The DEP’s Morse said that after learning that the Bridgton Board of Selectmen voted last week to appeal the DEP’s conditional order, “it caused us to take a really objective reading of that (per bedroom) language” the town had sought. Initially, he said the DEP felt that using a “per residential dwelling unit” standard would provide greater flexibility to the town and be less restrictive than using a “per bedroom” standard because a dwelling unit does not relate to a specific number of bedrooms contained therein.

But Morse said the state’s Attorney General’s office disagreed, after the DEP sent the final conditional order, issued Jan. 26, to them for an opinion. “In the end, (the DEP’s conditional order) didn’t match up with the earlier intent of the town,” as explained when town officials first met with DEP staff in Portland last October to discuss the amendments, Morse said.

Morse emphasized that “the DEP is not doing this corrected order for any other reason than we need to correct an error on our part.”

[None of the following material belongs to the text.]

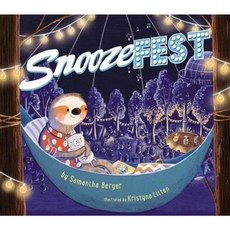 Snoozefest at the Nuzzledome Hardcover, Dial Books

Selectmen agreed that the appeal would simply ask the DEP to honor the language of the Dec. 13 vote — which is what the corrected order will do.

It was Community Development Committee member Mark Lopez who asked selectmen to appeal the order, saying, “Let’s see if we can get what we want — what we voted on.” He said that would be a start. But he pointed out that even with the “per bedroom unit” language restored, the Avesta project, if approved, would require far more of the town’s sewer system capacity than the 500 gallons per day the town currently allocates for the Chapter 11 property.

“If we have the capacity, the (planning) board must approve it, but guess what happens? (That capacity gets used up and) You can’t have the business development you so desperately want to attract,” Lopez said. He said he initially was supportive of the Avesta proposal because he was told by former Economic and Community Development Director Alan Manoian that it was going to have mixed use. “Now that’s not going to happen,” he said.

Complicating the matter is a major difference of opinion over what the actual capacity of the system is. The engineer who designed the system, George Sawyer, wrote to Berkowitz Jan. 16 saying Wright-Pierce Engineers significantly overestimated the reported capacity of untreated disposalbeds at the town’s two leach fields. The engineers were expected to meet this week with members of the Sewer Committee to resolve the dispute and try to come up with reliable numbers.

Berkowitz said that under the “per bedroom” minimum lot size standard, “you’re actually improving the ability of our (sewer) systems to handle whatever happens” in the GD II district. Under the DEP’s ruling using the dwelling unit standard, the Macdonald family, which owns several lots in Pondicherry Square, would be able to develop seven units (either residential or commercial) on the combined 28,000 square feet, “but you didn’t cap the number of bedrooms,” which potentially could cause more of a burden on the sewer system, he said.

Bob Macdonald also pointed out that his family wasn’t asked for input when town officials crafted the Shoreland Zoning amendment, yet Avesta was consulted about their requirements on several occasions.

“That was a mistake,” Macdonald said.

The Community Development Committee did meet with the Macdonalds after the Dec. 13 vote, and showed them a plan with 15 one-bedroom units over some commercial storefronts, Lopez said. Had the DEP known of the Macdonalds’ needs — and that the effect of the state’s language would give them only seven units — the agency might have seen things differently, he indicated.

Community Development Committee member Chuck Renneker said he talked to an appraiser who said putting housing on the Chapter 11 site was the “lowest value use of that property” and would diminish the value of all Main Street commercial property. Planning Board member Dee Miller disagreed, saying mixed uses are healthy for a downtown. “People who live downtown shop downtown, go to restaurants downtown, walk the streets downtown, worship downtown. We’ve got to grab whatever chance we have to get people on our streets.”

Berkowitz said the new information on sewer capacity concerns and the need to base it on bedrooms should help the town’s cause in an appeal.

“The reality of pressure does come to bear on how Augusta does business these days,” he said.